We now create a pipeline with the best parameters found by Optuna, fit it
on the full training data, and evaluate it on the test set.


In [None]:
best_params = study.best_params
best_clf = LGBMClassifier(
    num_leaves=best_params["num_leaves"],
    max_depth=best_params["max_depth"],
    learning_rate=best_params["learning_rate"],
    n_estimators=best_params["n_estimators"],
    min_child_samples=best_params["min_child_samples"],
    subsample=best_params["subsample"],
    colsample_bytree=best_params["colsample_bytree"],
    reg_lambda=best_params["reg_lambda"],
    reg_alpha=best_params["reg_alpha"],
    random_state=RANDOM_STATE,
    n_jobs=-1,
)

best_lgbm_pipeline = Pipeline(
    steps=[
        ("preprocess", preprocessor),
        ("clf", best_clf),
    ]
)

tuned_metrics = evaluate_model_simple(best_lgbm_pipeline, X_train, X_test, y_train, y_test)
tuned_metrics


## 6. Model explainability with SHAP

We use **SHAP** to understand how features influence the LightGBM predictions.

Steps:

1. Fit the best pipeline on the full training set (already done).
2. Extract the trained `LGBMClassifier` and the transformed training data.
3. Use `shap.TreeExplainer` to compute SHAP values.
4. Plot:
   - SHAP summary plot (global importance).
   - SHAP dependence plots for key features.


In [None]:
# Fit on full training data to ensure the explainer uses the final model
best_lgbm_pipeline.fit(X_train, y_train)

# Extract trained model and transformed training features
preprocessor_fitted: ColumnTransformer = best_lgbm_pipeline.named_steps["preprocess"]  # type: ignore[assignment]
clf_fitted: LGBMClassifier = best_lgbm_pipeline.named_steps["clf"]  # type: ignore[assignment]
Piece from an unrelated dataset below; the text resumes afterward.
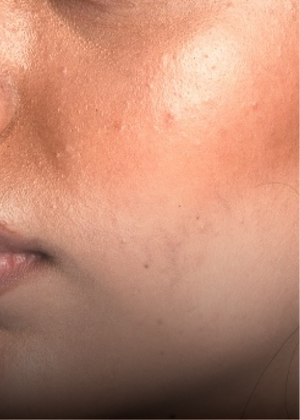 Combination Skin skincare concern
X_train_transformed = preprocessor_fitted.transform(X_train)

# Build SHAP explainer
explainer = shap.TreeExplainer(clf_fitted)
shap_values = explainer.shap_values(X_train_transformed)
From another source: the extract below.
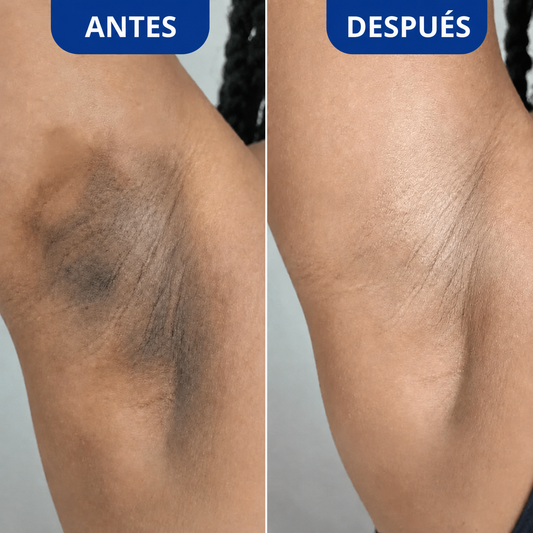 Exfoliante Corporal para Zonas Oscuras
# SHAP expects a dense matrix for plotting in many cases
X_train_transformed_dense = X_train_transformed.toarray() if hasattr(X_train_transformed, "toarray") else X_train_transformed

# Get feature names from preprocessor
cat_encoder: OneHotEncoder = preprocessor_fitted.named_transformers_["cat"].named_steps["encoder"]  # type: ignore[index]
cat_feature_names = cat_encoder.get_feature_names_out(categorical_cols)
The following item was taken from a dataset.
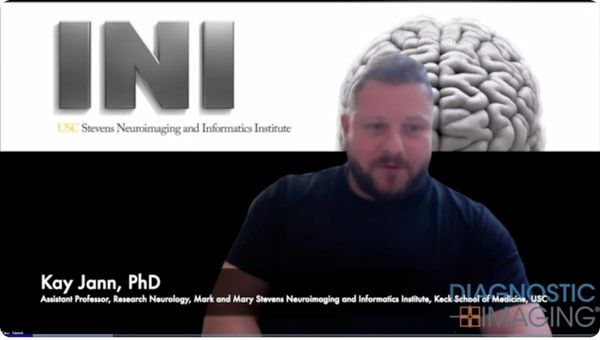 Can Brain MRI Help Predict Spinal Cord Stimulation Response for Treating Urinary Incontinence in Stroke Survivors?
feature_names: List[str] = numeric_cols + list(cat_feature_names)


In [None]:
# SHAP summary plot (global importance)
shap.summary_plot(shap_values[1], X_train_transformed_dense, feature_names=feature_names)


In [None]:
# Optional: dependence plot for selected key features
# You can change feature names depending on importance and domain interest.
for feat in ["Age", "Balance", "NumOfProducts", "IsActiveMember"]:
    if feat in feature_names:
        shap.dependence_plot(feat, shap_values[1], X_train_transformed_dense, feature_names=feature_names)


### Section summary

In this notebook we:

- Built a **LightGBM** churn model.
- Tuned its hyperparameters with **Optuna** using ROC-AUC as objective.
- Achieved improved performance over the baseline model.
- Used **SHAP** to interpret which features drive churn predictions.

Next, in the segmentation notebook, we will use the tuned model to create
**actionable customer segments** and link them to potential retention strategies.